As to making the library a meeting place, this is done, I suppose, to some extent but we rarely have any particular trouble from it.
I think the main reason for the order in our library is the separation of the different departments, as we used to have a great deal of trouble when we had but one room for readers, students and children.
Miss Elizabeth Comer, Redwood Falls, Minn.
When I first came here, I sent both boys and girls home; it was seldom necessary to send the same child twice for the same offense. Some of the boys tried a new tack after being sent home once and were then told to stay away until they could conduct themselves properly on the library premises, with the result that I have not been obliged to send a child away from the library for months.
Miss Marie E. Brick, St. Cloud, Minn.
The question of discipline has always been such an easy matter with me and never a problem that it seems rather difficult to state just how the good results are accomplished. We have none of the disfiguring printed signs of warning about; we do not need them. A glance, a word, a motion, at the least sign of uneasiness or noise, and all is quiet.

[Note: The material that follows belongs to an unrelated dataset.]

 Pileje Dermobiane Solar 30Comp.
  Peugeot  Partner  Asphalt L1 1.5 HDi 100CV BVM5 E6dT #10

Any good disciplinarian will say that her methods are the same. It is not what she says or does, but her entire attitude, her manner, her commanding personality, that secure the desired results.
Our High School pupils never give us any trouble. They enjoy too many privileges as students to abuse them. The school is in the next block, so near that the teachers almost daily excuse a number of them to do supplementary reading in the library during school hours. They hand me a printed slip or pass on entering, which I sign with the time of coming and leaving. These are returned to their respective instructors on returning to the school room. This pass acts as a check on anyone disposed to loiter by the way.
Miss Ella F. Corwin, Elkhart, Ind.
We never have had a great deal of trouble with the discipline. We try to make the children and young people feel that we depend upon them to assist in keeping up the standard of good behavior.